• WHAT TO PRODUCE: Give the records again. Keep them exact and leave out the images.

--

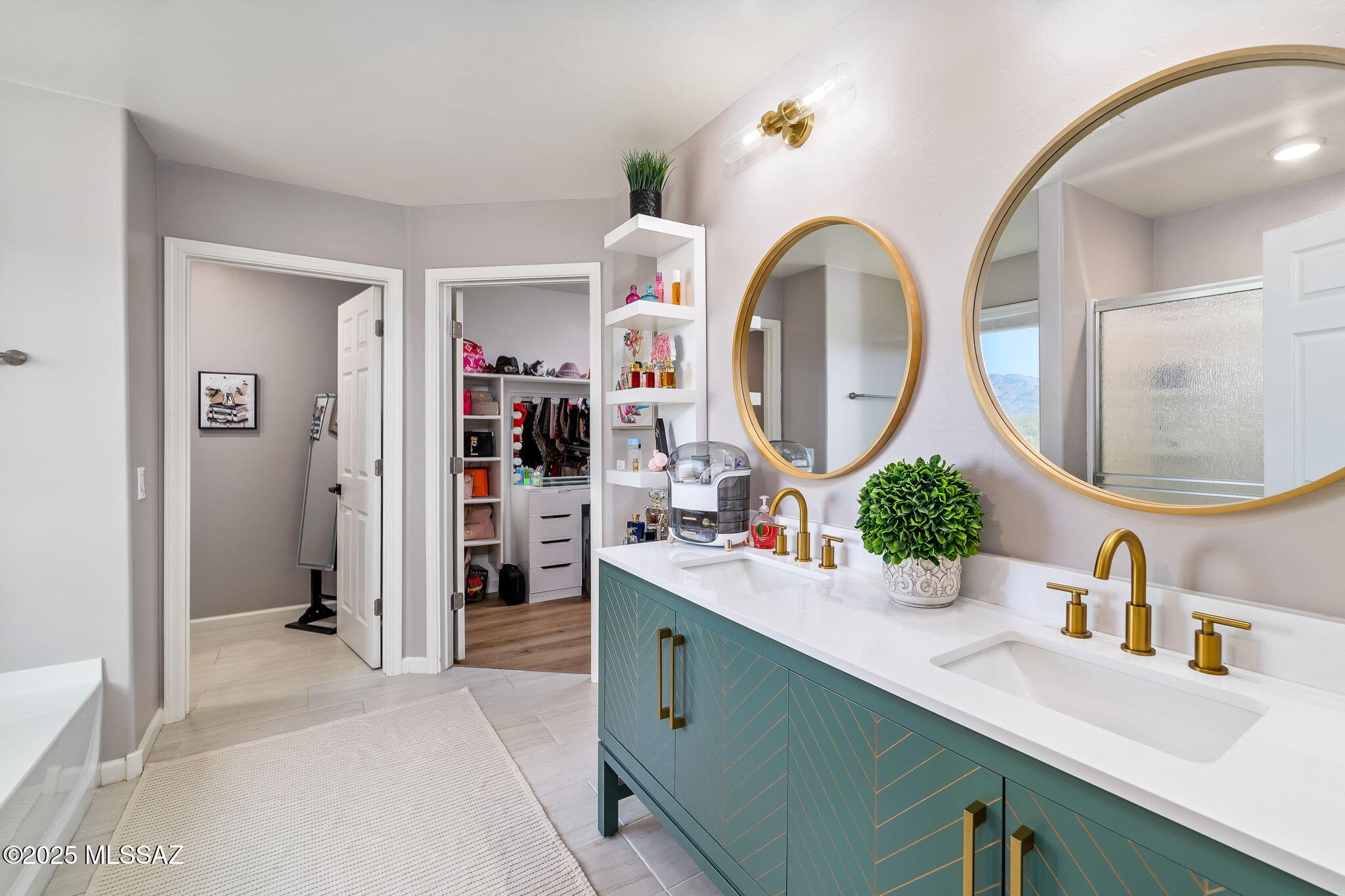 12111 E Domnitch Drive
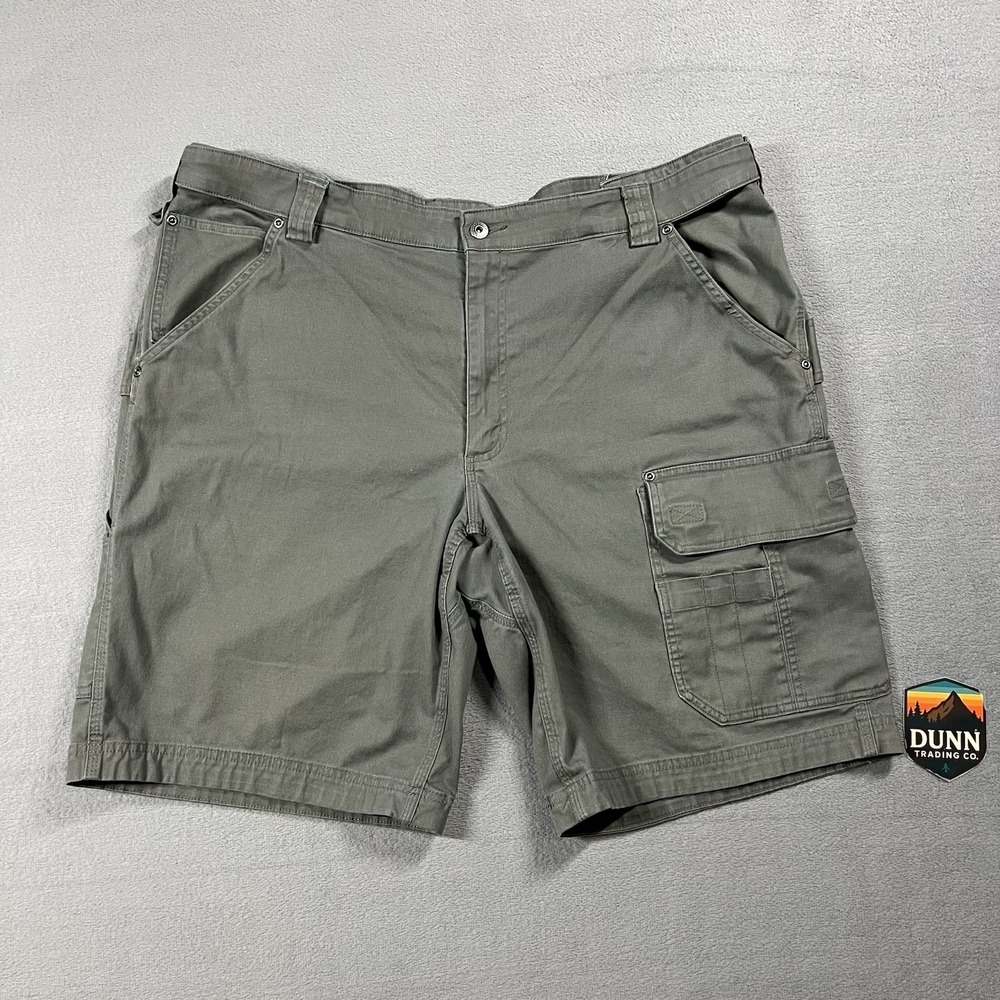 Duluth Trading Shorts Mens 44 Green Cargo 11" Coolmax Firehose Stretch Utility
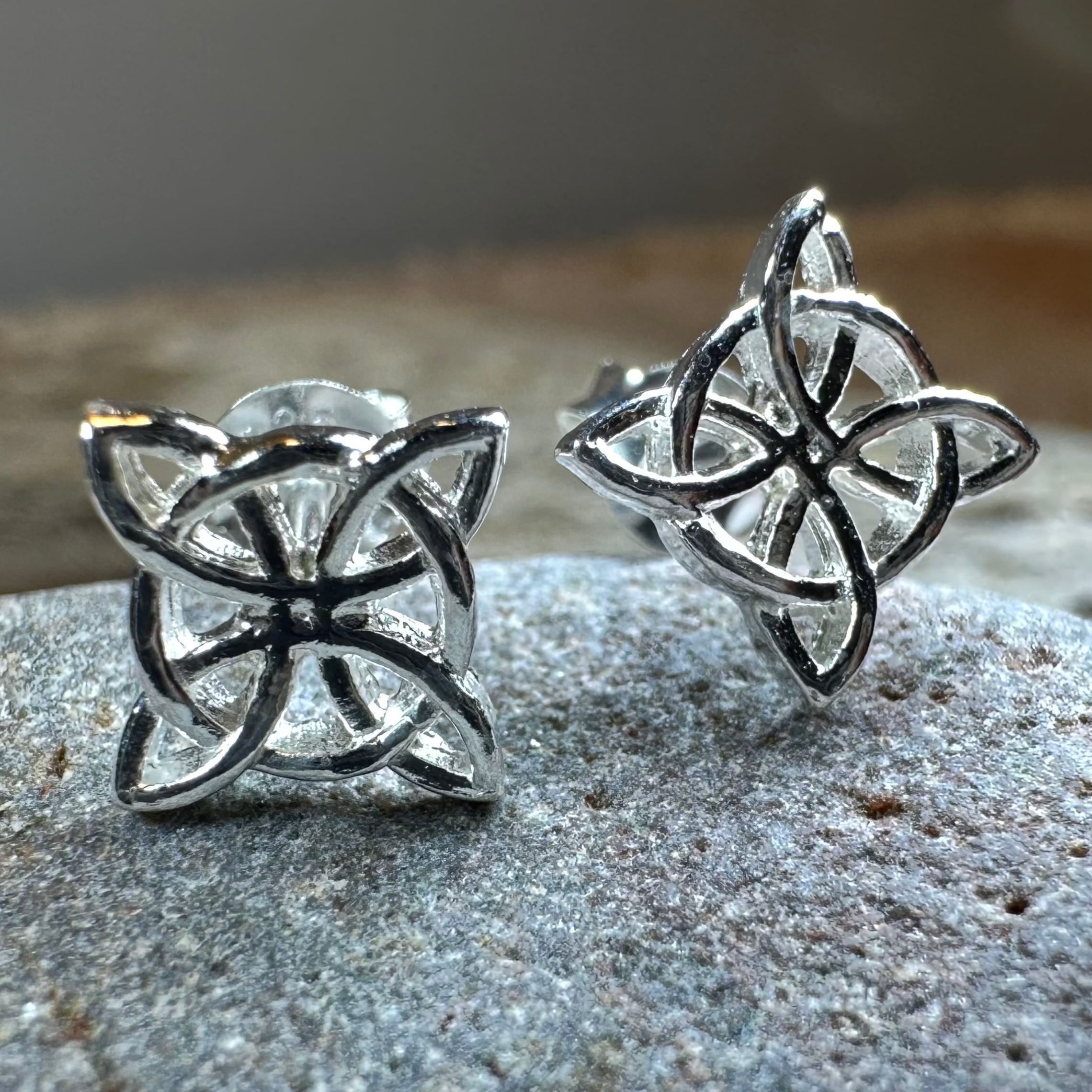 Donielle Celtic Post Earrings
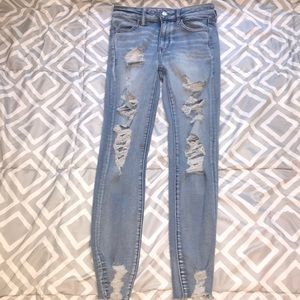 AMERICAN EAGLE RIPPED JEANS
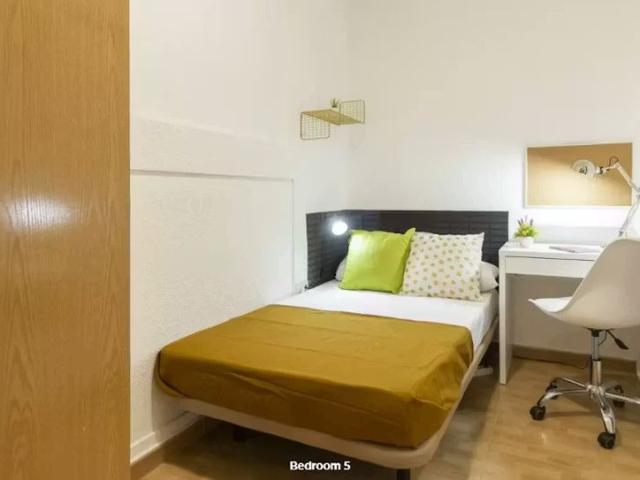 Plaza de Tirso de Molina, Madrid, Community of Madrid 28012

--

• PROBLEM SOLUTION:
 12111 E Domnitch Drive
 Duluth Trading Shorts Mens 44 Green Cargo 11" Coolmax Firehose Stretch Utility
 Donielle Celtic Post Earrings
 AMERICAN EAGLE RIPPED JEANS
 Plaza de Tirso de Molina, Madrid, Community of Madrid 28012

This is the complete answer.